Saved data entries
=== Begin Enclosure ===

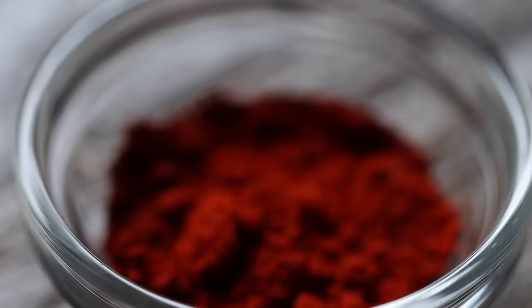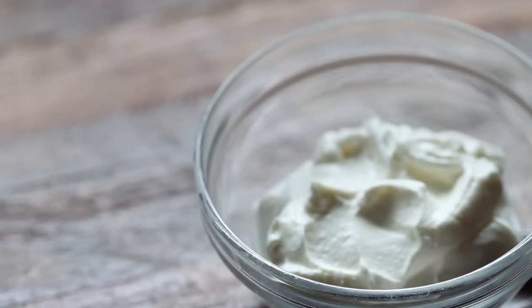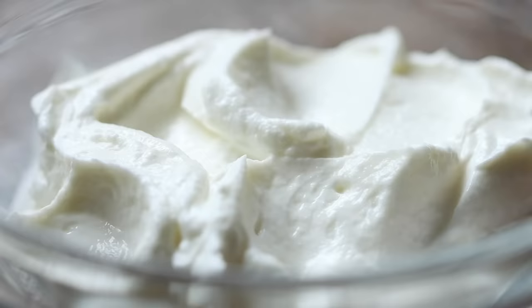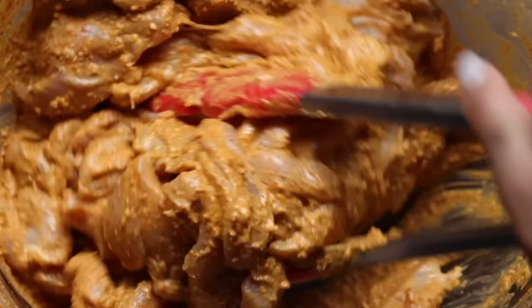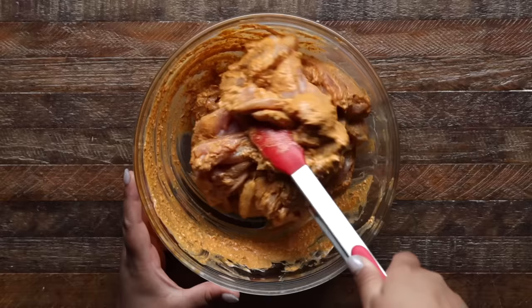Kashmiri red chili powder is an important spice because it gives the chicken its signature color and is not overwhelmingly spicy. And lastly, we'll add full-fat Greek yogurt. We're using full-fat because more fat equals more flavor, so don't try to skimp out with the non-fat variety. We also found that marinating with yogurt is key to getting creamy, tangy chicken, and it also keeps it more tender and moist. We'll combine all these ingredients in a bowl and then add our chicken. Once the chicken is coated, we'll let it marinate in the fridge overnight.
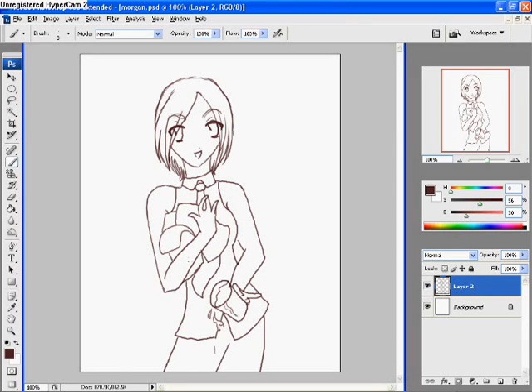Hello everyone and welcome to my first voice narrated video tutorial. This is part one. In this tutorial I'm going to show you how I color skin in Photoshop. Here we have a rather messy and plain looking line art of one of my original characters, Morgan. She is the clumsy secretary of Mr. Maru Omiyaka and today we're going to color her.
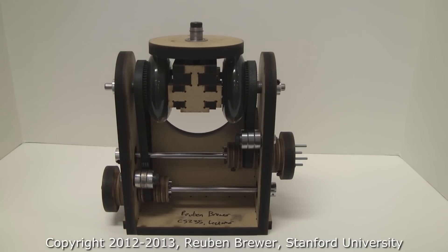CS 235, Lab 2. This is a teaser to show what the students will be building first in SolidWorks and then in the real world for Lab 2.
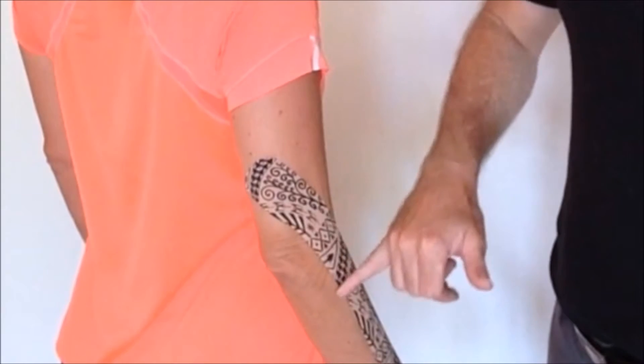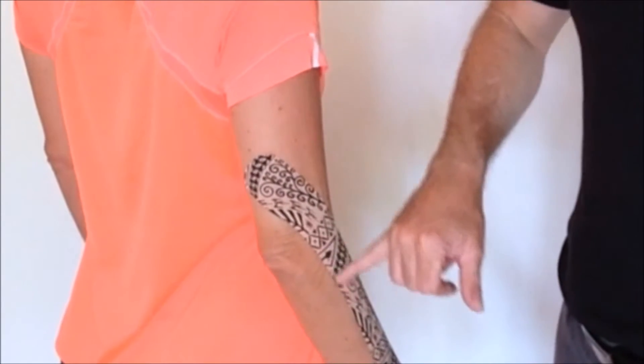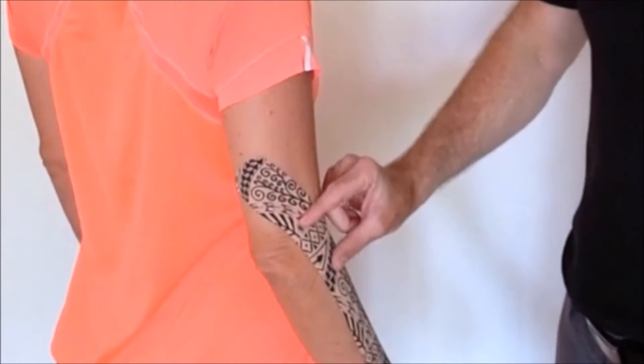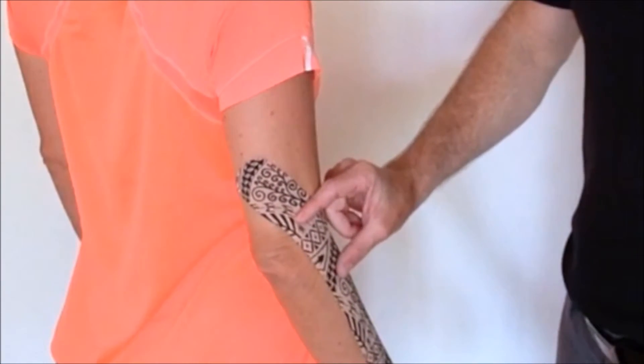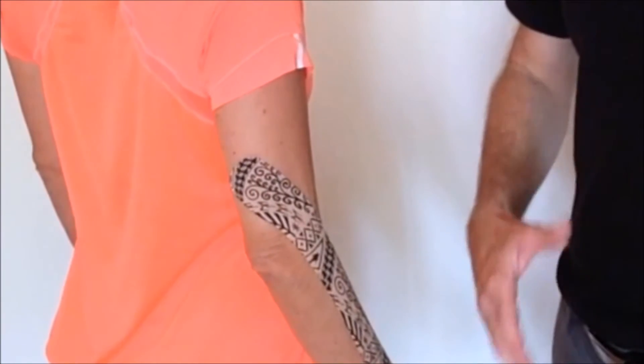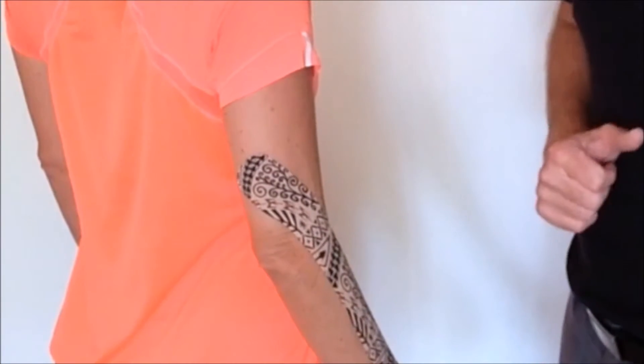Here you can see that gathering up and box taping effect, that pinch unloading we've created just by doing that pinch within the tape as we've come through. You can see the resting position of the hand has changed as well because of that resistance to flexion.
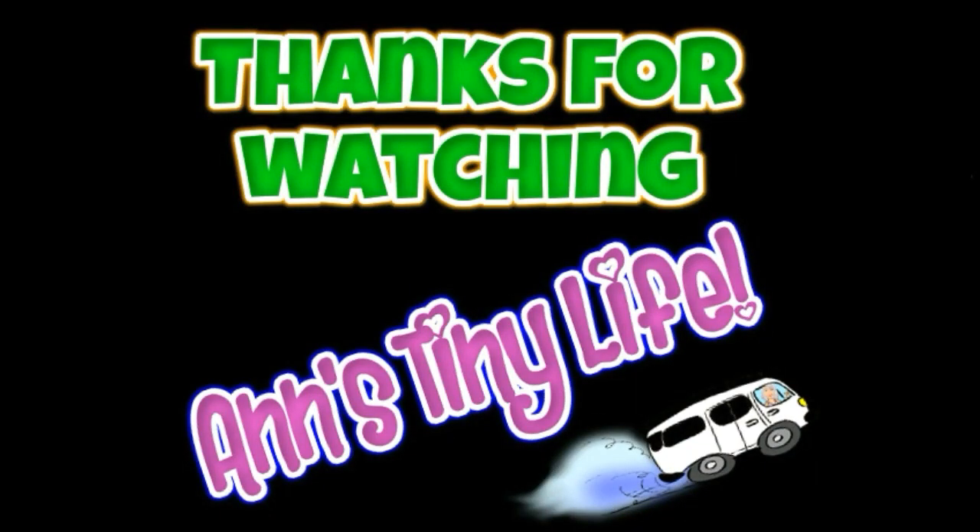Thanks for watching, everybody. I hope you enjoyed the video. Make sure you like, subscribe, hit the bell, and y'all have a good one.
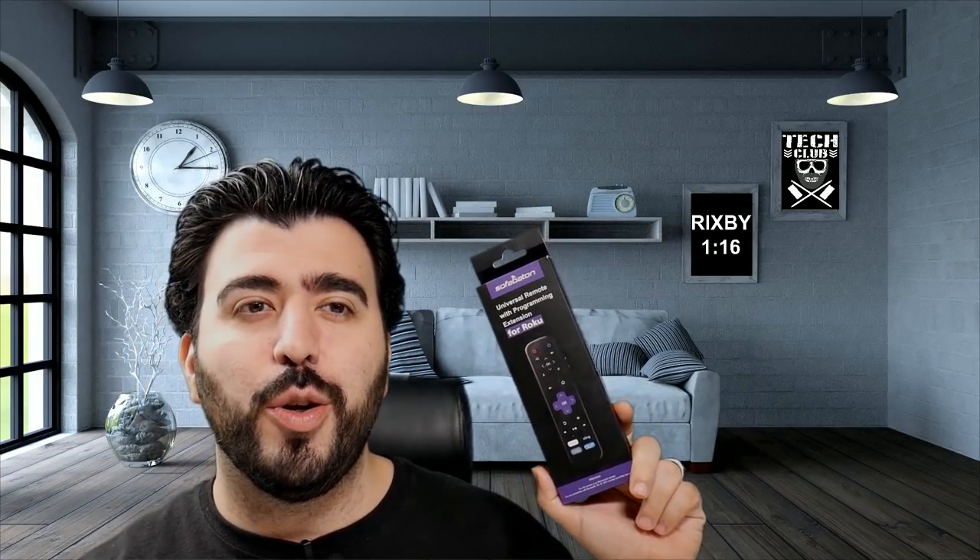Hello, this is RICKY, the YouTube Tech Guy. Today we're bringing you a really interesting video — I wanted to find a solution for a problem that I had, and that is from Sofabaton and their Universal Roku Remote. This is a sponsored video, and they are doing a lightning deal later today, so make sure to check out the link in the description because it is half off today. Let's get into it.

=== End Enclosure ===

- [EXERCISE BRIEF]
Retype the whole of the data verbatim. Skip every picture.

- [TASK RESPONSE]
Kashmiri red chili powder is an important spice because it gives the chicken its signature color and is not overwhelmingly spicy. And lastly, we'll add full-fat Greek yogurt. We're using full-fat because more fat equals more flavor, so don't try to skimp out with the non-fat variety. We also found that marinating with yogurt is key to getting creamy, tangy chicken, and it also keeps it more tender and moist. We'll combine all these ingredients in a bowl and then add our chicken. Once the chicken is coated, we'll let it marinate in the fridge overnight.
Hello everyone and welcome to my first voice narrated video tutorial. This is part one. In this tutorial I'm going to show you how I color skin in Photoshop. Here we have a rather messy and plain looking line art of one of my original characters, Morgan. She is the clumsy secretary of Mr. Maru Omiyaka and today we're going to color her.
CS 235, Lab 2. This is a teaser to show what the students will be building first in SolidWorks and then in the real world for Lab 2.
Here you can see that gathering up and box taping effect, that pinch unloading we've created just by doing that pinch within the tape as we've come through. You can see the resting position of the hand has changed as well because of that resistance to flexion.
Thanks for watching, everybody. I hope you enjoyed the video. Make sure you like, subscribe, hit the bell, and y'all have a good one.
Hello, this is RICKY, the YouTube Tech Guy. Today we're bringing you a really interesting video — I wanted to find a solution for a problem that I had, and that is from Sofabaton and their Universal Roku Remote. This is a sponsored video, and they are doing a lightning deal later today, so make sure to check out the link in the description because it is half off today. Let's get into it.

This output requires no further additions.